Cash incentives for longer tenancies

On paper, a longer tenancy is a win-win for everyone involved (except perhaps the letting agent).

For the landlord, you have a secure income stream, and the comfort in knowing that your property is being cared for by someone who considered it their home. For the tenant, they can relax, safe in the knowledge that they can unpack all of their boxes without the concern of having to be on the move again in six months.

However, despite the obvious benefits, and the government’s plans to move towards a three-year tenancy, this option is not as cut and dried as it sounds.

What’s the new scheme?

A consultation (which closes on August 26th, you can read more here), released this week by the Ministry of Housing, Communities and Local Government, has highlighted proposals for a three-year tenancy agreement as standard, in a bid to replace the standard AST.

Under the new proposal, it would be required to offer a minimum three-year tenancy. There would still be scope for either landlord or tenant to break the agreement after the initial six months at a break clause, with the tenancy continuing following this, with either party able to exit the agreement if they provide two months’ notice in writing.

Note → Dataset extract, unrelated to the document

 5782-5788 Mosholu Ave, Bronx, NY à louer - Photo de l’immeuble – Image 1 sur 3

After the initial six months, the landlord can only regain possession of their property during the fixed term if they intend to sell the property or by serving a Section 8 – although this is a ‘at fault’ notice, so the tenant must have given them reason to serve this notice (anti-social behaviour, failure to pay rent etc). A section 21 notice can still be served, but not until the end of the tenancy term.

What are the issues?

Whilst there are definite benefits to the scheme, there are some negatives to the idea as well, with many industry bodies concerned about the introduction of a statutory requirement of three-year tenancies.

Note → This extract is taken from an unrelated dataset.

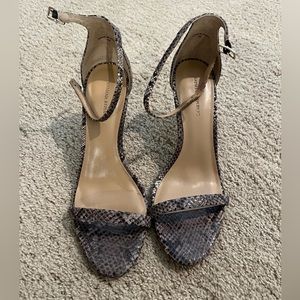 EUC Banana Republic snakeskin kitten heel worn once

Whilst recent research from Direct Line has revealed that many people are choosing to rent over buying, it shows that they are choosing this option for the flexibility it provides, allowing them to move around with ease. A longer tenancy would put paid to this flexible option.

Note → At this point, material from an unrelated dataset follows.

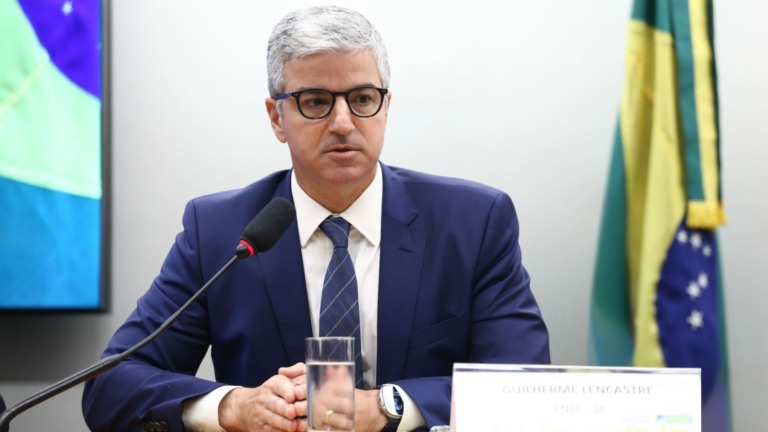 CEO da Enel SP, Guilherme Lencastre [na imagem], promete contratações de mão de obra após indicadores no Rio e São Paulo piorarem, durante audiência da CME na Câmara, em 3/12/2024 (Foto Vinicius Loures/Câmara dos Deputados)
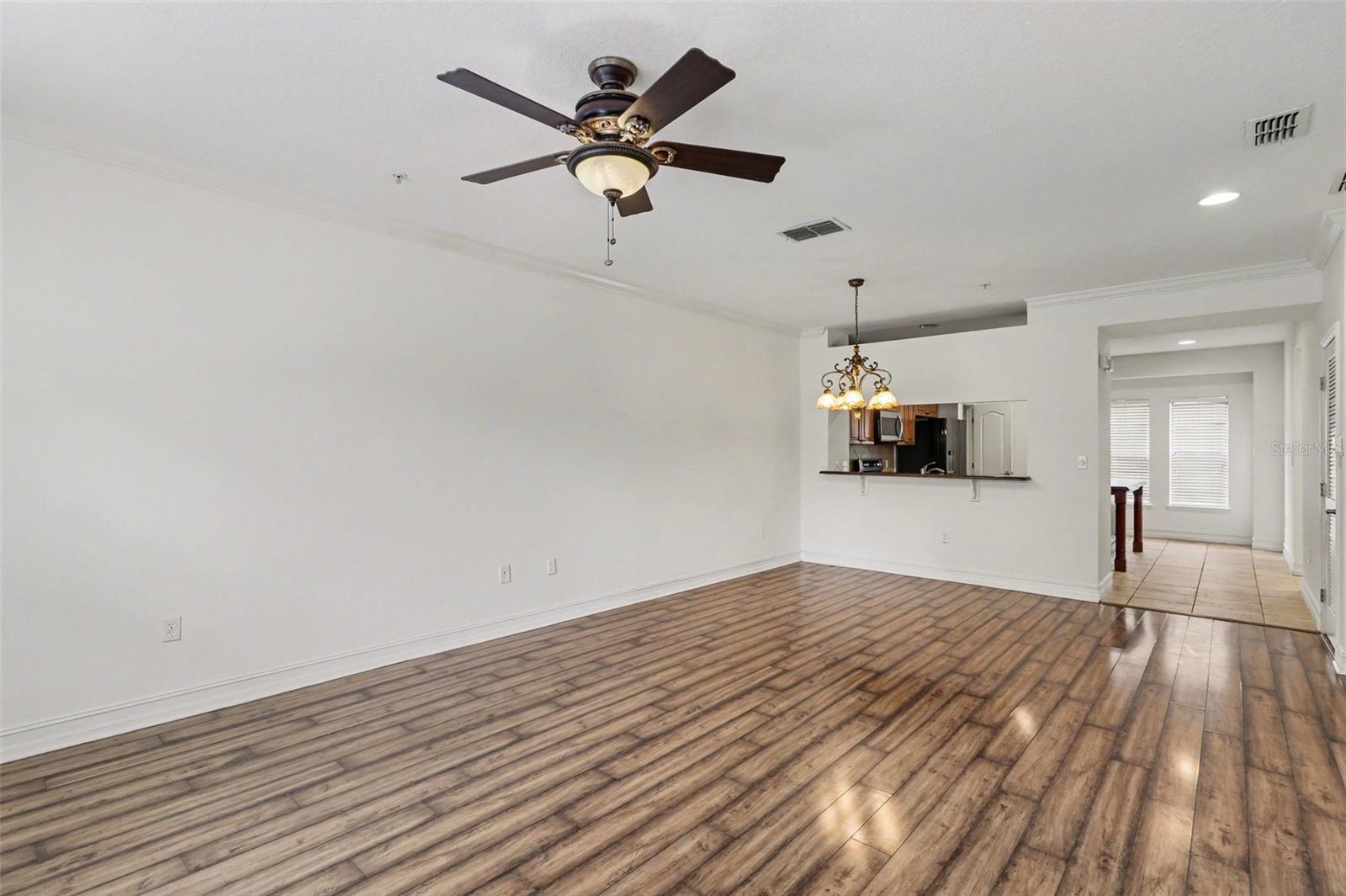 Listing photo id 4 for 3621 Messina Drive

It would also make things very difficult for student landlords, although there is discussion regarding exemptions for short-term lets or student accommodations to be able to apply for an exemption.

With landlords, and the industry, so dubious about the change, the government is making bold statements about incentivising the scheme. The payments, which are still in the discussion stage, would be administered by local authorities, and in order to receive them a landlord would have to demonstrate that they were fully compliant with landlord laws, such as gas safety checks, deposit protection requirements, and Right to Rent.

Industry bodies, namely the Residential Landlords Association, have suggested this week that landlords may be more inclined to get involved with the scheme if it allowed them eligibility for tax break. We will have to wait until the Budget in November to see the likelihood of this (although don’t hold your breath)!